Dans la fosse 3bis de Saint-Amé, le 27 décembre 1974, 42 mineurs sont morts dans un accident de grisou. 43 si l’on compte Joseph, Jojo, le grand-frère du narrateur, mort plusieurs semaines plus tard des suites de ses blessures. « Blessé, c’est un mot triste pour dire qu’il est vivant. »(p. 54) Michel n’a pas oublié la catastrophe ni la mort de son frangin et il n’a pas pardonné à la mine. 40 ans après, veuf et orphelin, il réclame toujours justice, quitte à la rendre lui-même. Il veut comprendre ce qui s’est passé dans la fosse et venger les siens, famille et communauté minière. « Tu ne savais pas que le grisou avait des complices ? » (p. 85) Michel traque celui qu’il estime responsable de l’accident, de la négligence, de la course au rendement au détriment de la sécurité. « Par mesure d’économies, les Houillères avaient pris le risque de l’accident. » (p. 103) En déterrant la vérité, Michel veut rendre justice aux gueules noires sacrifiées et oubliées. Il veut aussi se débarrasser du passé, mais finalement, il faudra surtout qu’il corrige sa propre histoire. « La mort de Jojo ne pesait plus sur moi. Ma vengeance était éteinte. Tout allait pouvoir être dit. » (p. 195)

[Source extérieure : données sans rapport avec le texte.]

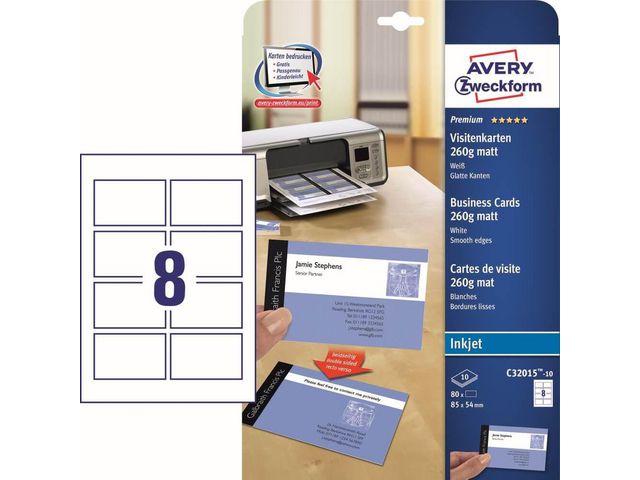 Quick & Clean™ visitekaartje 85 x 54 mm, 260 g/m², C32015, Inkjet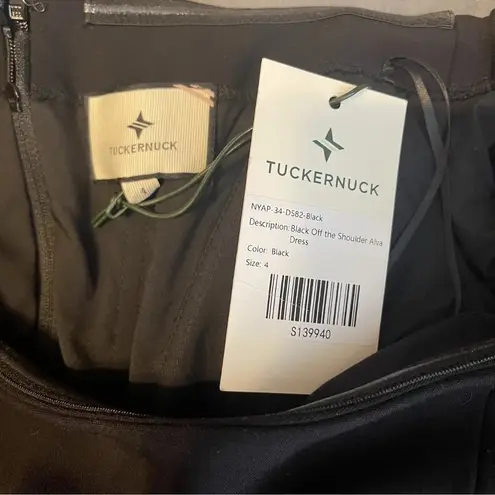 Tuckernuck NWT Black Off the Shoulder Alva Midi Sheath Dress Size 4 Formal Chic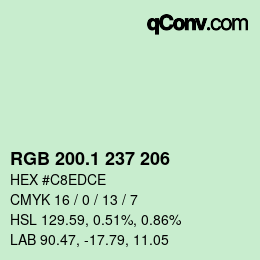 カラーコード: RGB 200.1 237 206 | qconv.com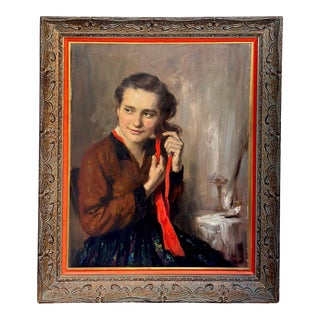 Oil on Canvas Portrait of Young Woman by R. Molnár For Sale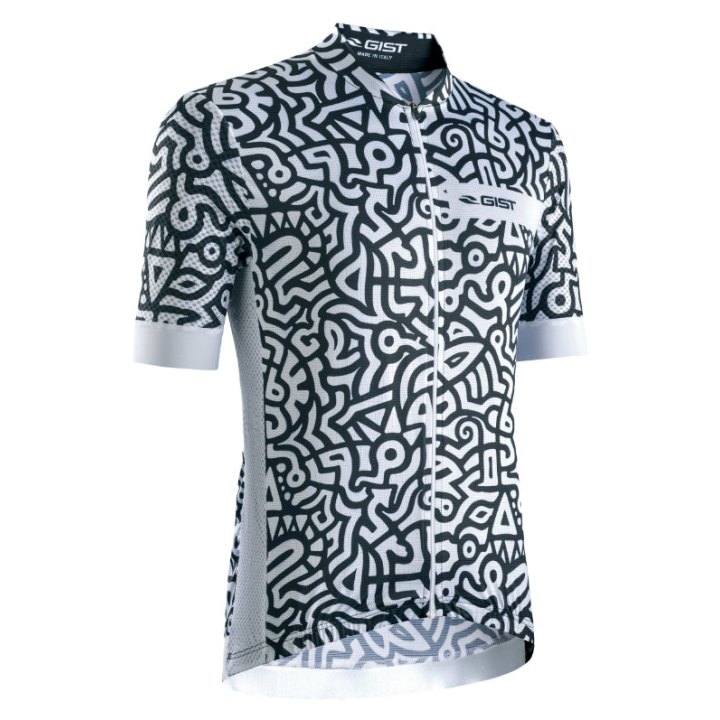 Maillot Gist Été Paint Manches Courtes Zip Total Noir-Blanc XXL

La plume de Chalandon fait mouche à chaque roman. Pas un qui ne m’émeuve au-delà des larmes. Il faut dire que l’auteur a des phrases parfaites qui disent tout en peu de mots. « Il portait son costume du dimanche et son front du lundi. » (p. 8) Dans ce roman qui parle de la sombre histoire minière du Nord, l’auteur revient dans ma région d’adoption et de cœur, après La légende de nos pères. Il a su saisir une époque et une atmosphère. Après les avoir polies patiemment, il les a déposées dans l’écrin protecteur des Belles Lettres. Sorj Chalandon parle d’un deuil collant comme la poussière de charbon. Il dépeint à merveille l’amour fraternel, celui rend frère, celui qui fait fratrie au-delà des liens du sang. « À l’heure de dire au revoir à son charbon, la France a oublié de dire adieu à ses mineurs. » (p. 108)
Il y aurait bien des épithètes pour être dithyrambique. Un seul suffit : ce roman est beau. Lisez-le. Et lisez Sorj Chalandon.